Quando si tratta di Eni invece, il nome di Taranto se lo ricordano bene tanto che il Governo ha preso posizione sulla testa di una classe politica locale  irrilevante e chiacchierona.

Lo Sblocca Italia ha infatti deciso che il progetto Tempa Rossa sarà realizzato checché ne dicano i tarantini ed i relativi rappresentanti istituzionali che evidentemente hanno fatto melina per lasciar decidere ad altri su temi quantomeno impopolari e su cui adesso possono esercitarsi ad inviare comunicati stampa per vedere l’effetto che fa.

Va da sé che la mossa di aver rafforzato i poteri dell’Autorità Portuale di Taranto (è contenuta nel decreto ma anche in questo caso sarà importante verificare sul testo definitivo i termini della questione) induce a sospettare che esso sia una roba strumentale al progetto petrolifero mascherata da grande vittoria per l’ambizioso e temibile popolo Jonico.

Popolo temibile a tal punto da aver rimediato (pare) anche un posticino nelle slides di Renzi,  il quale intenderebbe istituire (campa cavallo) un “modello sperimentale di gestione delle aree di crisi industriale: a partire da Bagnoli e Taranto viene sperimentato un nuovo modello di governance territoriale volto ad attrarre investimenti in aree di crisi industriale e contestuale avvio degli interventi di bonifica e valorizzazione ambientale”.

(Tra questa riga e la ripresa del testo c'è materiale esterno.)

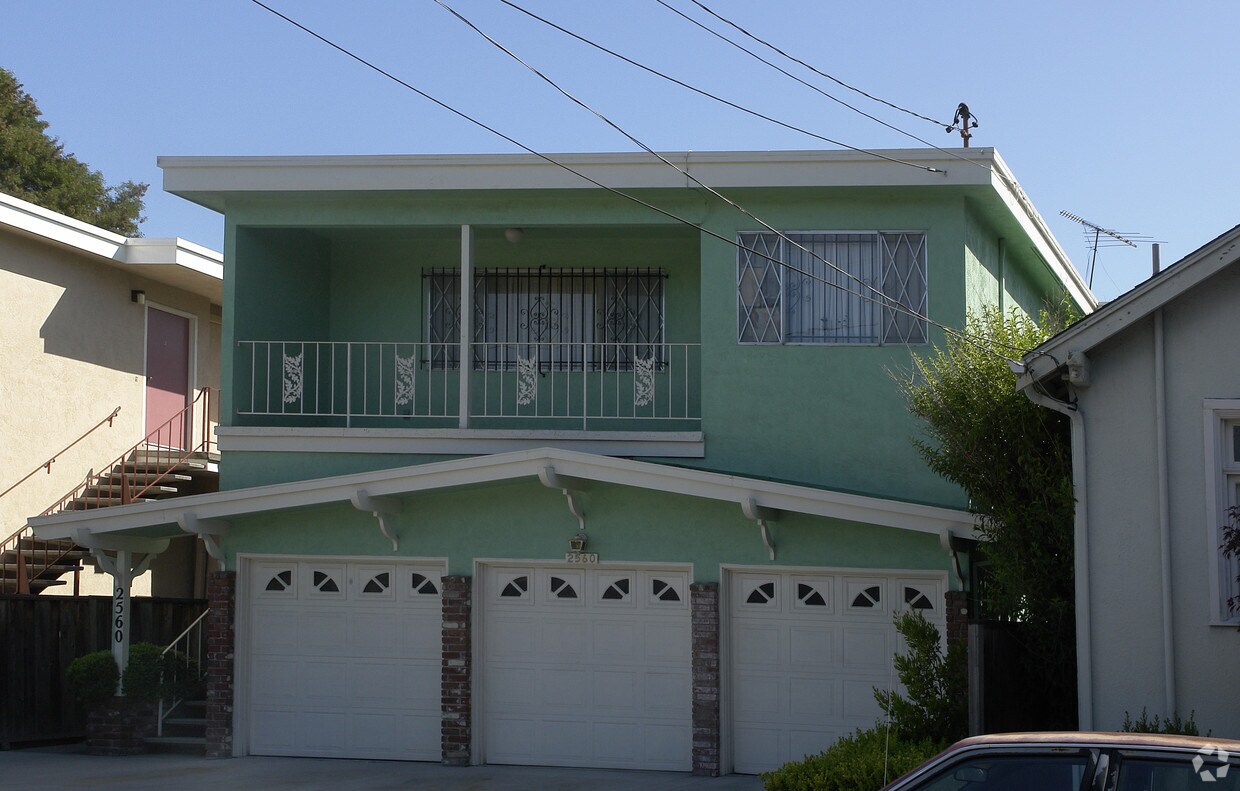Primary Photo - 2560 Damuth St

Sì, lo sappiamo, è una supercazzola senza senso a mo’ di pensierino e priva di contenuti (e di finanziamenti) da dare in pasto alle popolazioni locali, alcune delle quali (Bagnoli) si vedono costrette ad assistere ad una bonifica che è in fase preliminare da almeno vent’ anni.

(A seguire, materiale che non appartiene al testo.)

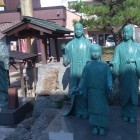 柴田神社の浅井三姉妹の銅像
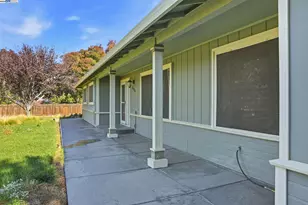 34724 Bernard Rd, Tracy, CA 95377 - Photo 6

Nel frattempo, come giustamente afferma Monsignor Santoro, “siamo nel 2014, è passato un altro anno, ma, nonostante gli sforzi, non si sono registrati ancora significativi passi in avanti per quanto concerne sia l'adeguamento degli impianti sia le irrinunciabili bonifiche delle aree esterne allo stabilimento industriale. La scoperta della contaminazione della falda a Statte è un fatto grave da non sottovalutare”.

Detto in maniera meno ecumenica, Taranto e la sua maggiore industria sono diventati un cimitero per elefanti, un deposito di Commissari Straordinari che, inermi, hanno dovuto constatare il fallimento di una politica che ha prodotto autorizzazioni integrate ambientali e decreti che non sono serviti a migliorare la situazione ambientale. E ciò è lì a dispetto di quattro belle paroline su una presentazione targata Governo Italiano.

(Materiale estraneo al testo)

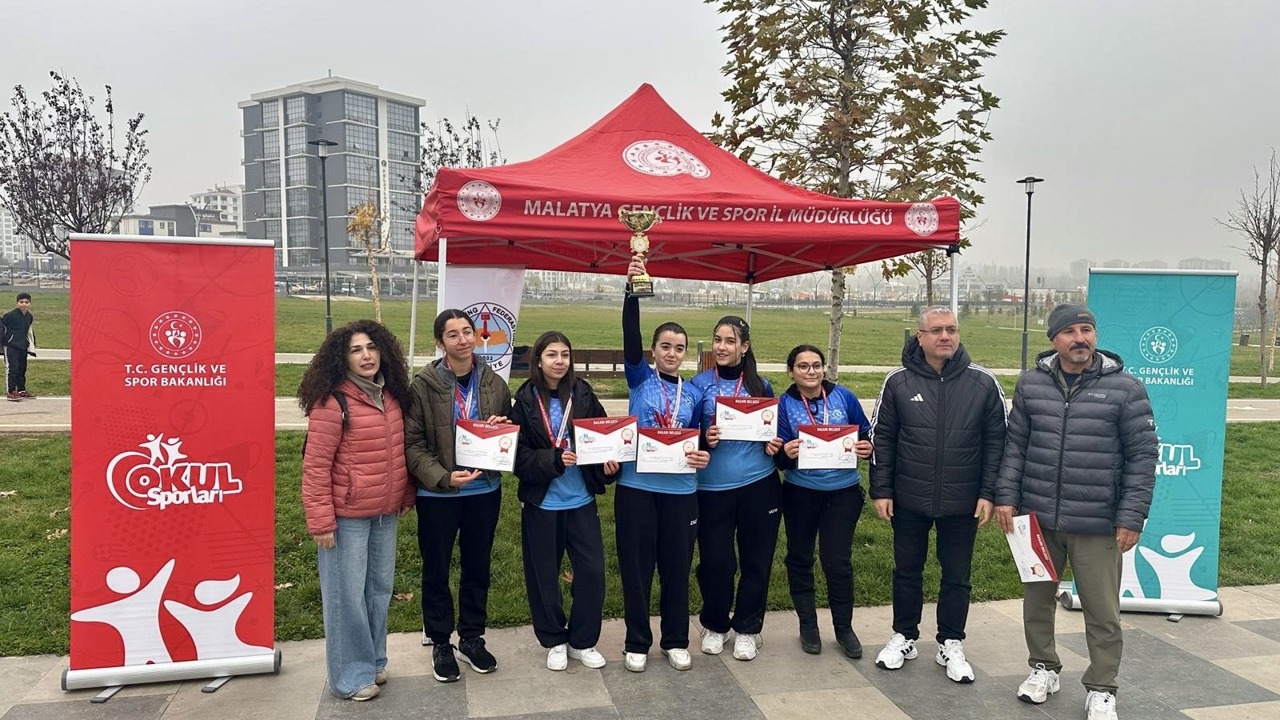 Okulsporları Oryantring İl Birinciliği 100. Yıl Parkı’nda Heyecanla Gerçekleşti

Niente soldi freschi per Taranto e niente infrastrutture quindi, segno che i discorsi su possibili scenari futuri basati su rinascite post industriali o potenziamenti dell’industria pesante e turismi vari, sono totalmente prematuri e vincolati ad un peso politico che Taranto non ha.

Volendo fare la parodia del celebre film 300, molto di moda ultimamente in città, potremmo tranquillamente dire: Tarantini, chi siamo noi? Dei sacchi di mazzate, aù, aù, aù!